A recently sighted Instagram photo of an owl alerted me to the necessity of reading every story I could find about barns. So far I’ve got Alice Munro’s ‘Runaway’ and ‘the most photographed barn in America’ from Don DeLillo’s White Noise. Murakami’s short story ‘Barn Burning’ came by happy accident when friends invited me to see Lee Chang-Dong’s film adaptation, Burning. I loved the slightly terrifying film but I think it avoids in some ways the mysterious desolation of Murakami’s story by shoehorning the writer’s encounter with his other into the well-worn trope of male aggressiveness and repressed desire.
Finally, a young friend who is in Year 11 is studying poems by Oodgeroo Noonuccal and Sam Wagan Watson and writing on Noonuccal’s ‘Last of his Tribe’. In researching the poem, we discovered a poem by Henry Kendall called ‘The Last of His Tribe’, first published in 1864. It was moving and distressing to compare the two poems and to note the significant occlusions and admissions, as well as the events surrounding the dates of publication.

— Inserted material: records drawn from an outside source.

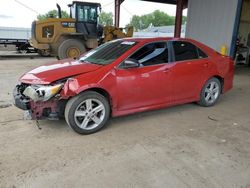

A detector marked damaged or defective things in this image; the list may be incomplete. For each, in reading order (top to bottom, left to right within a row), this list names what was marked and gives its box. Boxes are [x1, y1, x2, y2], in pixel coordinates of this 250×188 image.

crumpled hood [19, 58, 102, 84]
damaged front end [13, 82, 66, 120]
broken headlight [22, 83, 63, 101]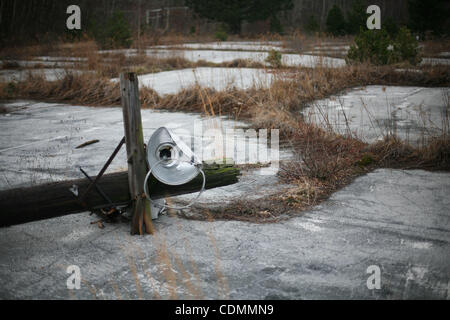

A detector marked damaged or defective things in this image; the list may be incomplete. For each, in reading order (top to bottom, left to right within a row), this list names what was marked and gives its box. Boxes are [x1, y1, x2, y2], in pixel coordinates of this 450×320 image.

broken pole stump [0, 162, 241, 228]
broken pole stump [120, 72, 154, 235]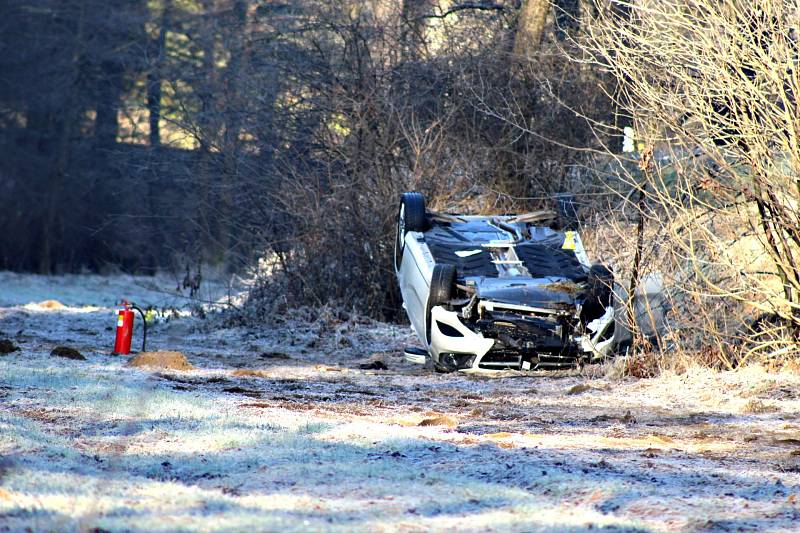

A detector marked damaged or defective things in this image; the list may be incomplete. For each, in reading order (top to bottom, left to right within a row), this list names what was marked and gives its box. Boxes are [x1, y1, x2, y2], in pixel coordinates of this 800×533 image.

overturned white car [394, 191, 648, 370]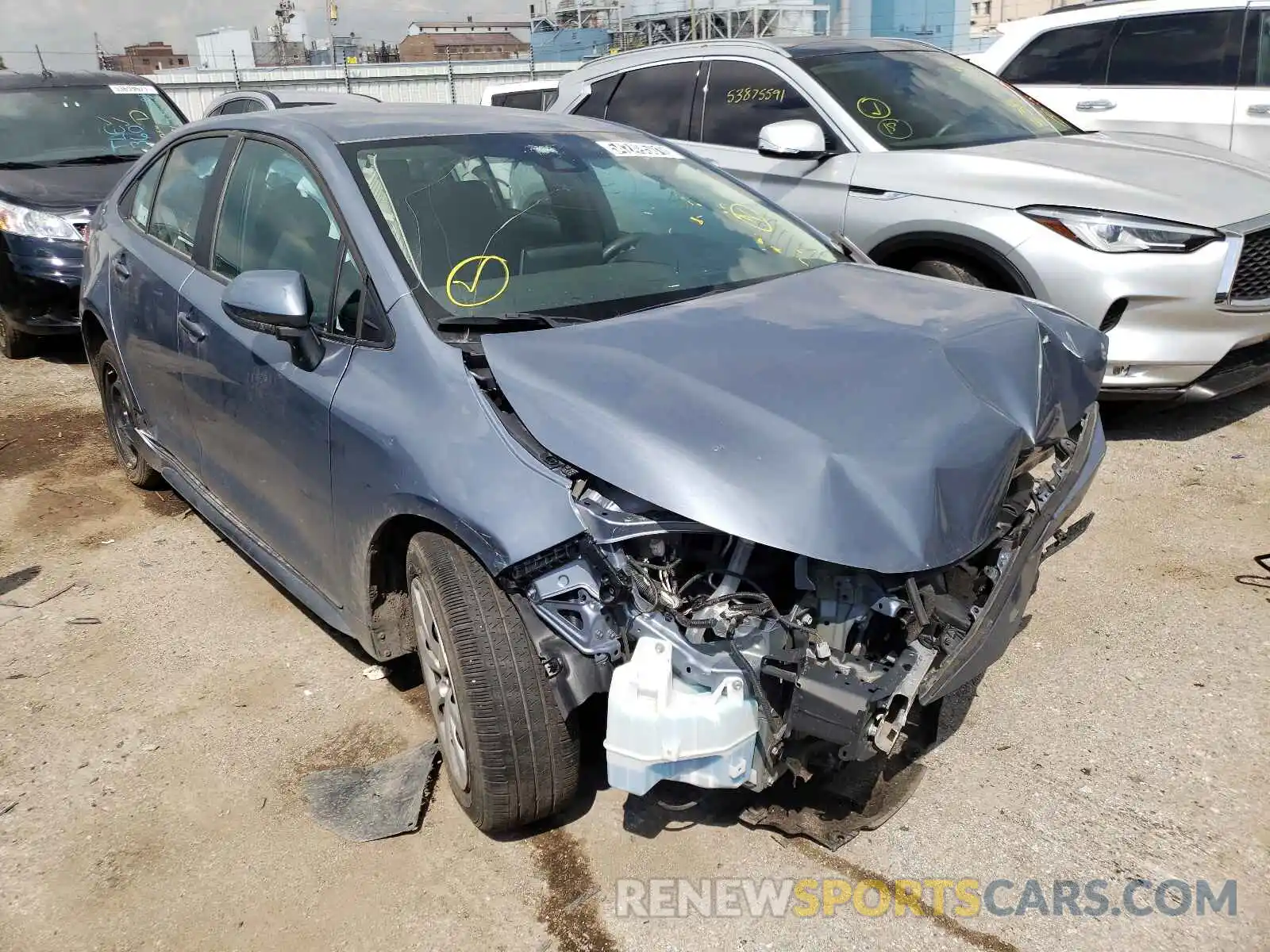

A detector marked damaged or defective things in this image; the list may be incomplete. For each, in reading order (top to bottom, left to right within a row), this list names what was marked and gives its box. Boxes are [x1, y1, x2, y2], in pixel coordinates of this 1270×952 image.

cracked headlight housing [0, 196, 83, 240]
crumpled hood [0, 163, 133, 213]
crumpled hood [851, 131, 1270, 228]
cracked headlight housing [1022, 206, 1219, 255]
crumpled hood [483, 262, 1105, 571]
damaged blue sedan [84, 106, 1105, 831]
destroyed front bumper [921, 405, 1105, 701]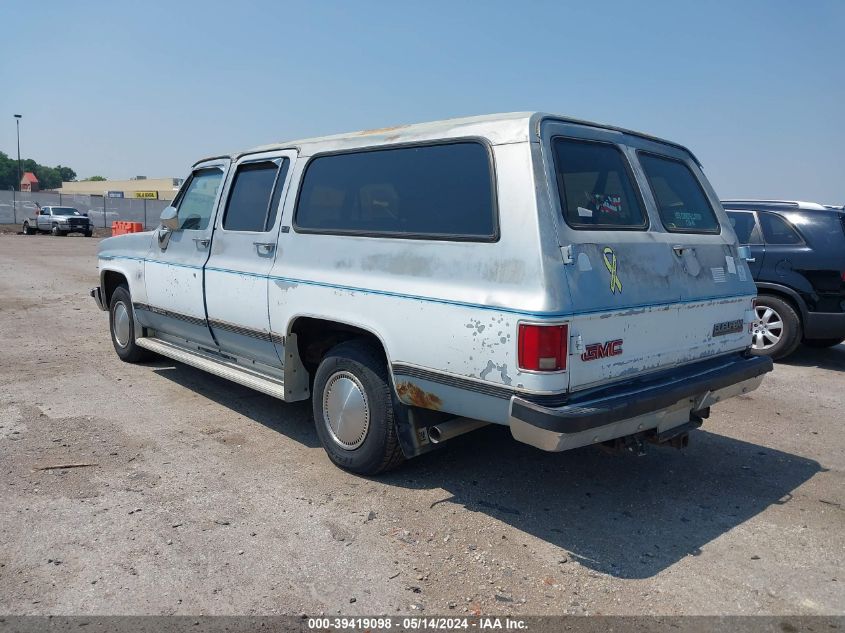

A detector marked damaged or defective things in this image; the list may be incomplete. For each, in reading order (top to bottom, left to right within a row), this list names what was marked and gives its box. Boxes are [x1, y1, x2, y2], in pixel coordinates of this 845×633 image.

rust spot [398, 380, 442, 410]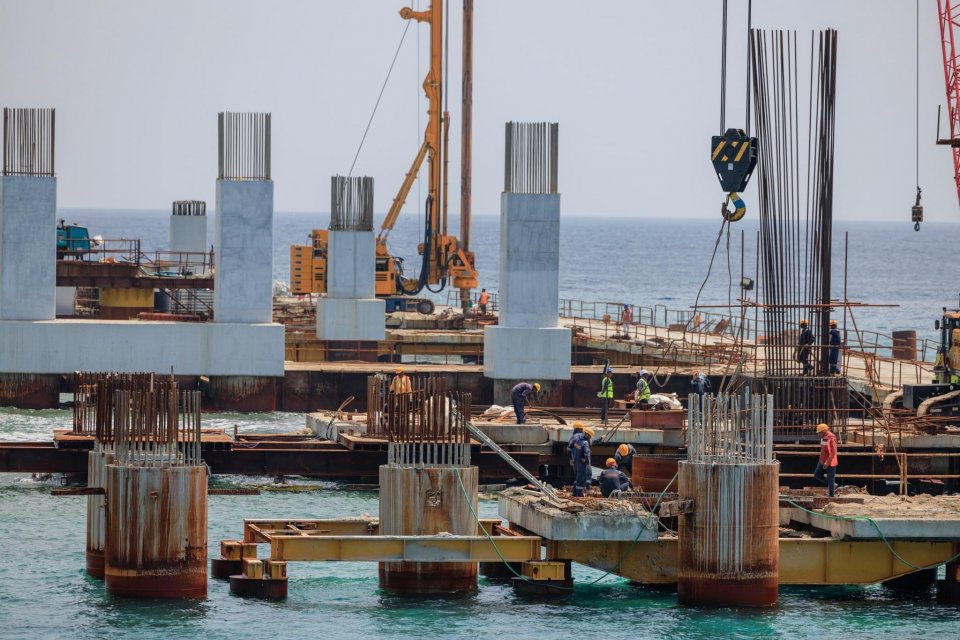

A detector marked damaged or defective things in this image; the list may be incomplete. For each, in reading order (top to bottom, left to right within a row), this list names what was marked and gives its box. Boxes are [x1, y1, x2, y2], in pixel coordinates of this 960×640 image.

rusty steel pile casing [85, 448, 113, 576]
rusty steel pile casing [104, 462, 207, 596]
rusty metal surface [104, 462, 208, 596]
rusty metal surface [376, 464, 478, 596]
rusty steel pile casing [676, 392, 780, 608]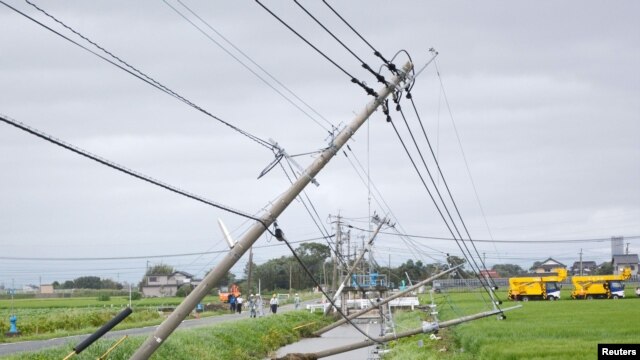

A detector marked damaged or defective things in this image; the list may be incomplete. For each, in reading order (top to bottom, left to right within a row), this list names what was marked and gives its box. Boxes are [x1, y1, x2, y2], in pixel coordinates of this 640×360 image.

broken pole section [130, 60, 416, 358]
broken pole section [314, 264, 460, 338]
broken pole section [280, 304, 520, 360]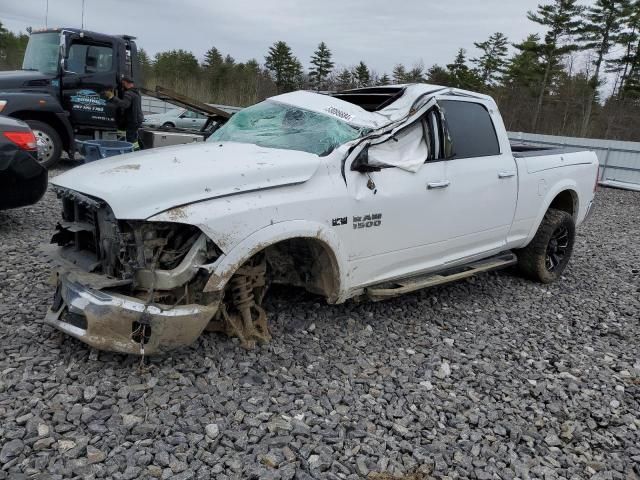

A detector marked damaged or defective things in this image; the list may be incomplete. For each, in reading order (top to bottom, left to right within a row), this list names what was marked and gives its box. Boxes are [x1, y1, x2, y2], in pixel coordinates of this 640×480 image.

shattered windshield [22, 31, 60, 75]
shattered windshield [209, 100, 370, 156]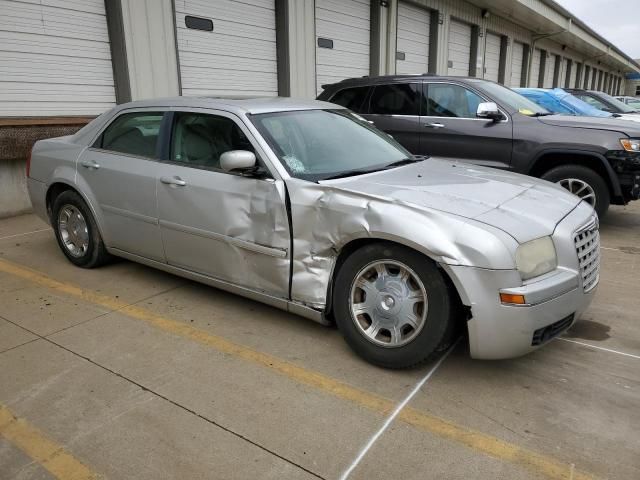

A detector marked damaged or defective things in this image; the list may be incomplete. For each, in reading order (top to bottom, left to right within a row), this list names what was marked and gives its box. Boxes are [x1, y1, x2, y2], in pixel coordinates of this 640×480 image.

damaged silver sedan [27, 96, 596, 368]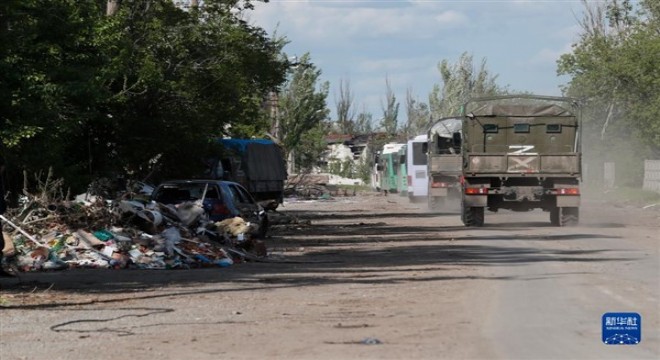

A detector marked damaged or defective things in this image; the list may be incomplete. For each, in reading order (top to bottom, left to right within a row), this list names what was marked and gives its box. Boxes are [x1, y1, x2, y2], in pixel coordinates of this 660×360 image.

destroyed vehicle [151, 179, 268, 236]
war-torn street [1, 193, 660, 358]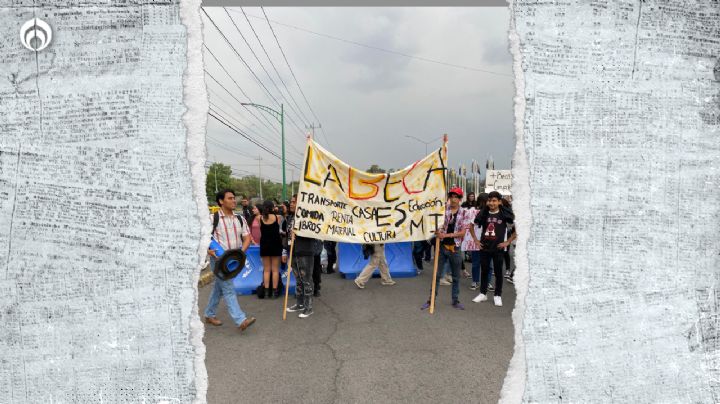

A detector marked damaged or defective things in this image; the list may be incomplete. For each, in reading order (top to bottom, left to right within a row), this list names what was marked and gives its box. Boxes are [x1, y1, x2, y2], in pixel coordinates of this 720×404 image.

torn paper edge [179, 0, 210, 400]
torn paper edge [500, 1, 528, 402]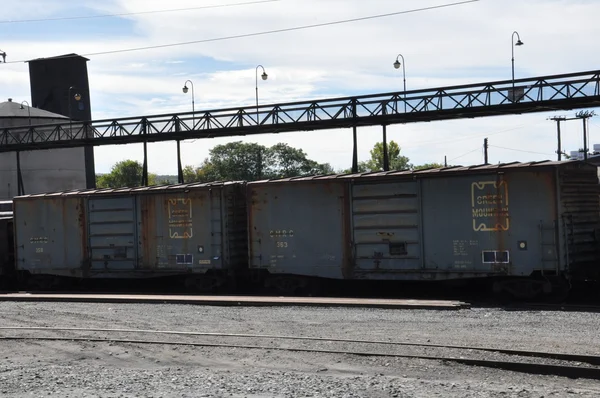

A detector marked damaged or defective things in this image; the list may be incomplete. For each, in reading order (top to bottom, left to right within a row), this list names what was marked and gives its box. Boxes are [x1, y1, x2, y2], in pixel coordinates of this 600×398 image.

rusty boxcar [14, 182, 248, 290]
rusty boxcar [247, 160, 600, 300]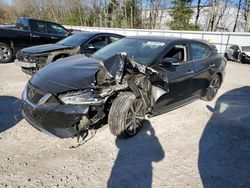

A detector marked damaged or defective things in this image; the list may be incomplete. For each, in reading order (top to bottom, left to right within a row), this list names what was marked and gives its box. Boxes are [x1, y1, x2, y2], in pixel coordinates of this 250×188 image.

Noonuccal’s most significant inclusion is the advent of a name for the subject of the poem. Given that ‘Last of his Tribe’ is published in the wake of the 1967 referendum, which sought to include Indigenous Australians in the census, Noonuccal’s inclusion seems at once to rectify Kendall’s omission and to reinstall the question of naming rights as a matter for Indigenous writers rather than governmental scribes. The question of how we might sustain two conflicting ideas without resorting to a fusional, oppressive synthesis is one of the questions of our times. For this reason, Tony Birch’s new novel, The White Girl and Alexis Wright’s recent essay, ‘The Ancient Library and a Self-Governing Literature’ will be my next port of call.
Fiona Hile lives and works on unceded Wurundjeri land. She has published two collections of poetry, Novelties and Subtraction.